Deine Musik ist keine lupenreine Clubmusik. Wo würdest Du sie ansiedeln?
Max Loderbauer: Schon mit Sun Electric waren wir eher im Ambient-Bereich tätig, also in Randbereichen der elektronischen Clubmusik. Wir haben keine Musik zum Abtanzen gemacht, sondern Hörmusik.
Wie war Dein Werdegang?
Max Loderbauer: Ich hatte eine klassische Klavierausbildung, habe mich aber schon früh für andere Sounds interessiert. Wir hatten ein Cembalo zu Hause, und das hat mich inspiriert, einfach weil es ein Tasteninstrument war mit einem anderen Klang als ein Klavier. Ich habe auch schon mal unser Klavier - zum Entsetzen meiner Eltern - mit Reißnägeln präpariert, um einen ‘Honky-tonk‘-Sound zu bekommen.

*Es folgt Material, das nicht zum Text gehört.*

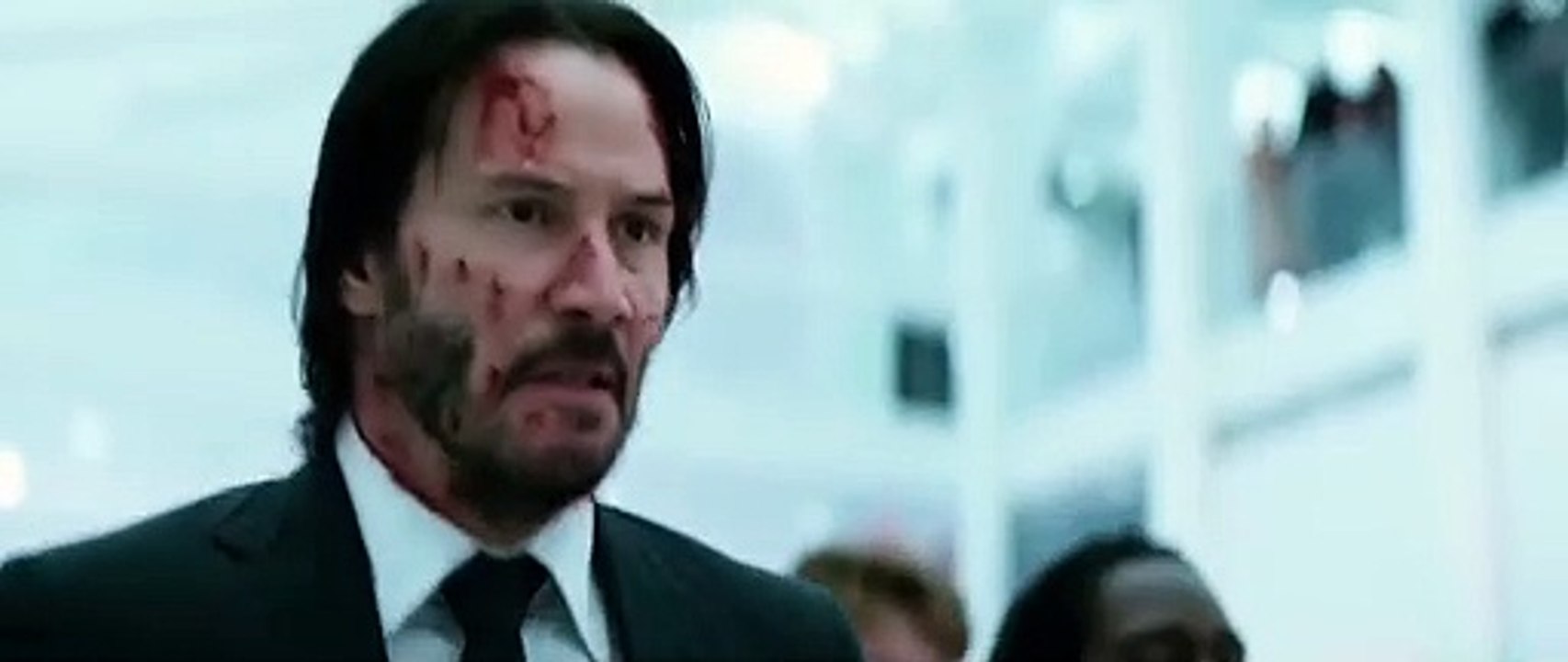 Scène de John Wick avec le vrai son d'un silencieux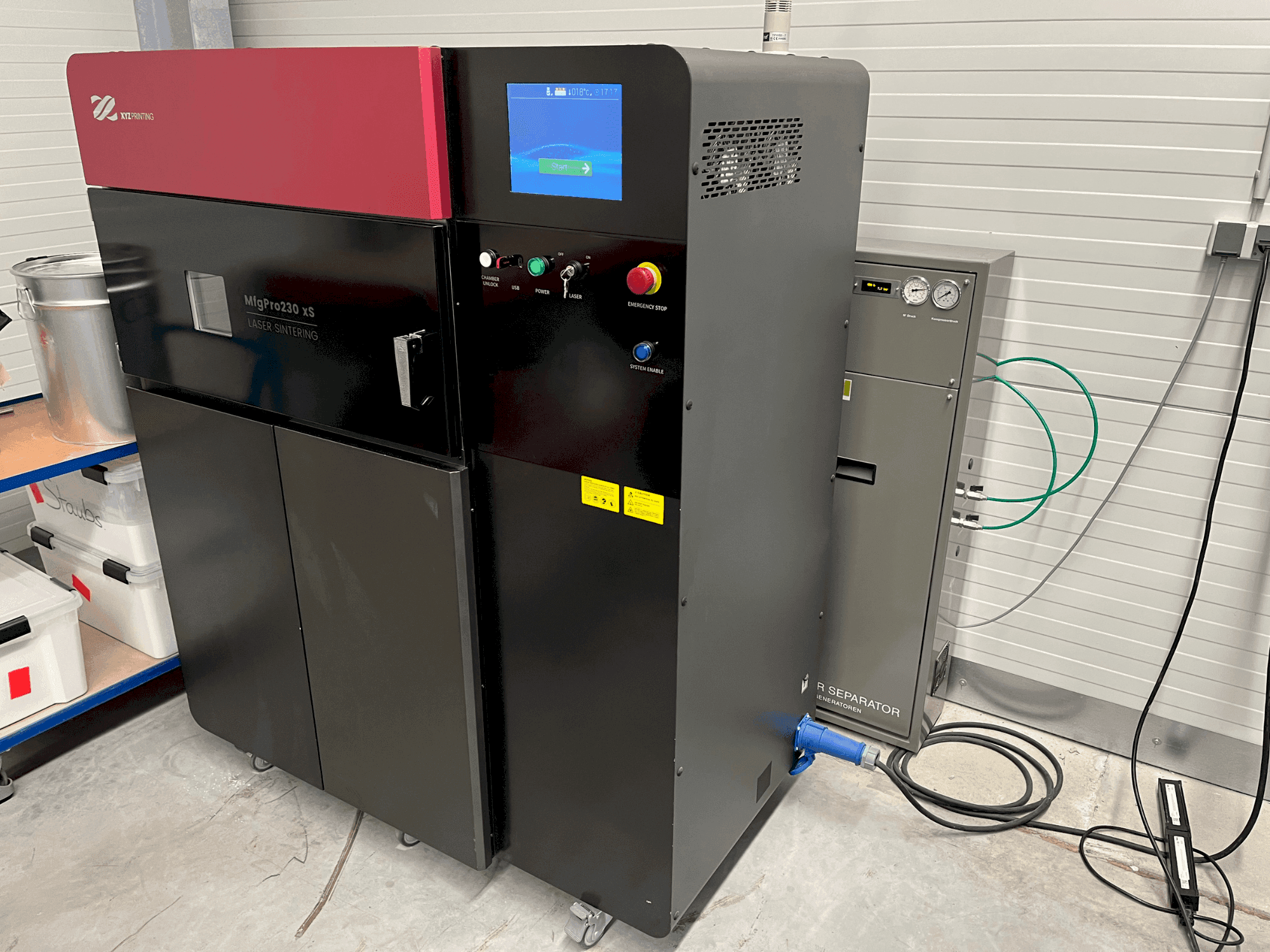 Mašīnas XYZ MfgPro230 xS (2022) pretskats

Was brachte dich zur Elektronik?
Max Loderbauer: Ich fing schon als Teenager an, akustische Tasteninstrumente mit Elektronik zu verfremden. Mein Vater hatte ein Zwei-Spur-Tonbandgerät, mit dem man Mehrspuraufnahmen machen konnte. Mit dem habe ich rumgespielt, das Tempo verändert und solche Sachen. Dann spielte ich in meiner ersten Band. Wir machten Prog-Rock. King Crimson war unser großes Vorbild. Von meinen Eltern habe ich eine Hohner-Orgel zu Weihnachten bekommen, die ich heute noch besitze und bei Sun Electric einsetzte. Diese Orgel war mein erster Synthesizer. Man konnte mit ihr schon recht ungewöhnliche Sounds machen.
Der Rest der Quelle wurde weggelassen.